When you enter a classroom where each person understands the importance of authentic reflection and that they are safe to voice thinking, beliefs and wonderings, you see true learning come alive. It is what Daniel Pink refers to in his article, The Principles of Change - The Stories of Learning and Leading,
"Yet we too often focus on external “motivators” to be the driver for change or even learning. One of the biggest shifts in my own thinking in the past few years is how learning is such a personal endeavour, yet we try to package it up and decide the paths and passions for others. Stephen Downes summarizes this sentiment nicely:
“We have to stop thinking of an education as something that is delivered to us and instead see it as something we create for ourselves.”
One such classroom has been set up by a phenomenal educator in our Ottawa Catholic School Board, Rola Tibshirani. When you enter this space you see visual representations and hear oral discussions evident of student thinking. You see explicit opportunities for students to reflect on themselves as learners and an openness to learning from and with each other. Rola herself opens herself up to working alongside colleagues to develop her own practices and to co-learn with her students and colleagues.
Yesterday, I got to become a co-teacher and learner with a group of grade 7 students that Rola Tibshirani teaches. We wanted to provide explicit moments of social and emotional development as students worked collaboratively in groups. Anyone entering the classroom during this time could easily think that all students in these groups were all contributing to the thinking about environmental issues.They were sitting together, no distracting behaviours were being manifest and visual representation of relevant learning was being put onto the chart paper.

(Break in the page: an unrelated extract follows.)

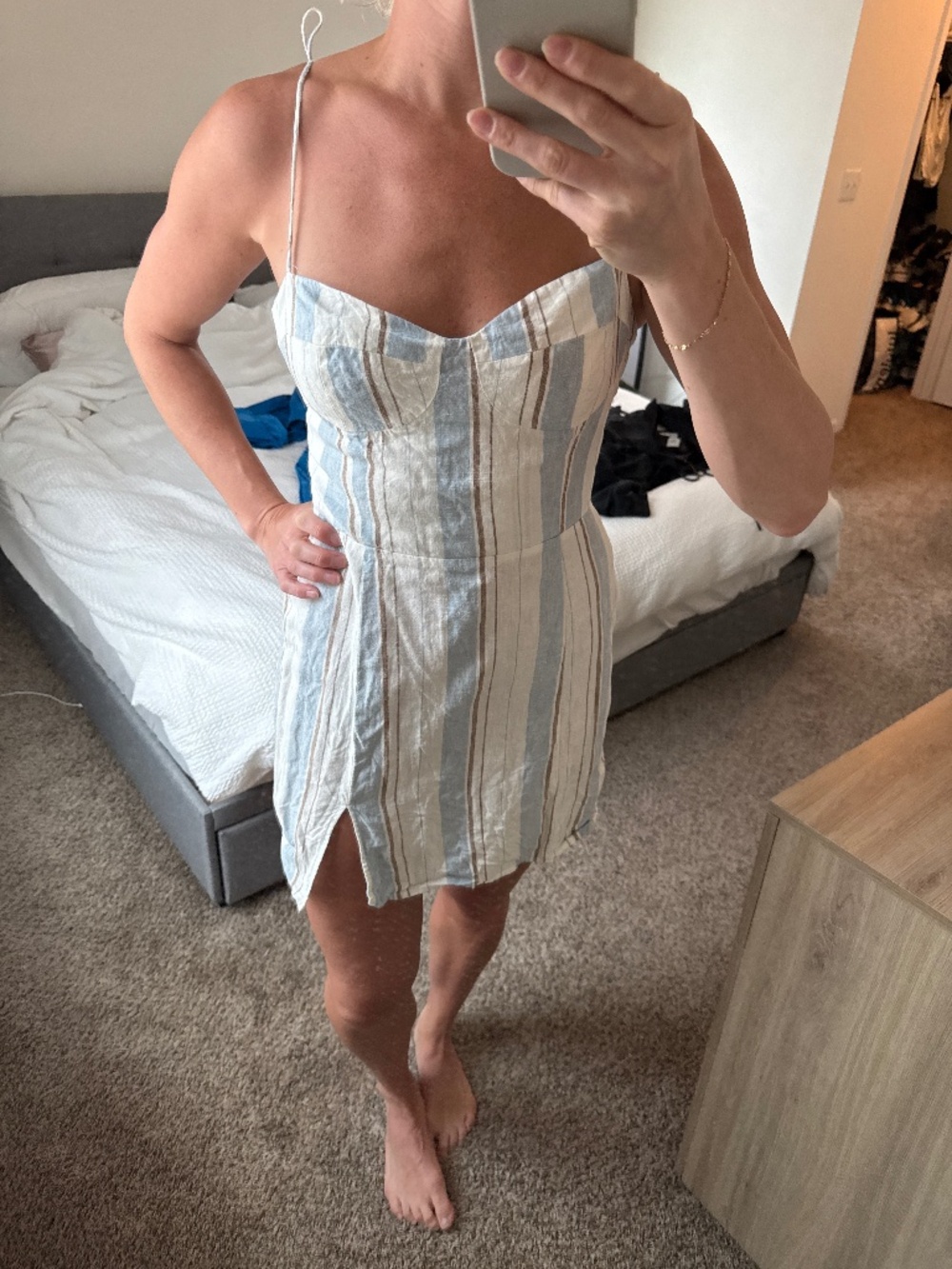 Reformation Striped Linen Dress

Each student wrote a personal reflection |
But, on closer inspection, through "reflective check-in", each student was given a sticky to identify if they had a challenge working collaboratively. They did not have to identify which group they worked in, the purpose was to develop purposeful self reflection, or as we call it through social emotional learning, self-awareness. It was evident that although all groups had ideas written down, it wasn't without challenges. What was even more important was that there was more than one reason why the students had felt these challenges. We had hit the "reflective check-in" jackpot, as we were now hearing true student voice, experience and opening up moments for whole group reflection and awareness.

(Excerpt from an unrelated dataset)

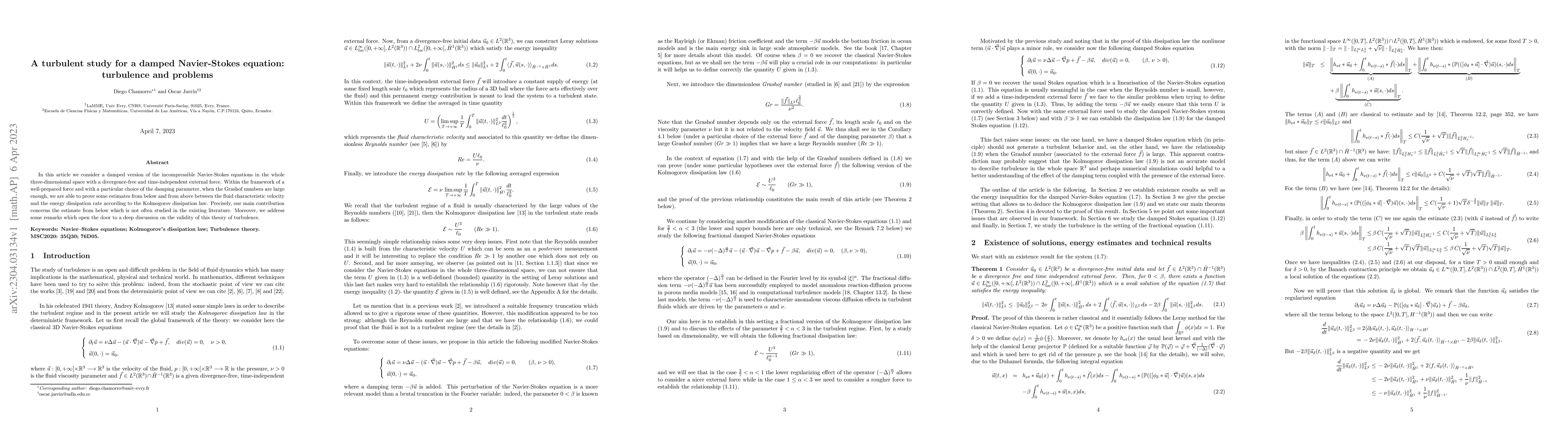 Thumbnail for A turbulent study for a damped Navier-Stokes equation: turbulence and
  problems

We took each reflection and put them into themes to use during discussions around strategies to support challenges. |
Being true to the authentic learning moment we asked the students to reflect upon the collaboration challenges that the students had expressed feeling. Then they were asked to come up with possible solutions to each of the challenges.
Rola, continued today with open class reflection on how they were going to ensure that all student voices were being documented during today's group work. Students chose strategies from yesterday's list of ideas and implemented them with success today.
This kind of explicit instruction allows students to see how content learning requires effective collaboration and listening skills. It also offers opportunities to explicitly address SEL skill development, in this case, self awareness, self management, social awareness and relationship skills. All of which evolved when opportunities were given for "reflective check-ins".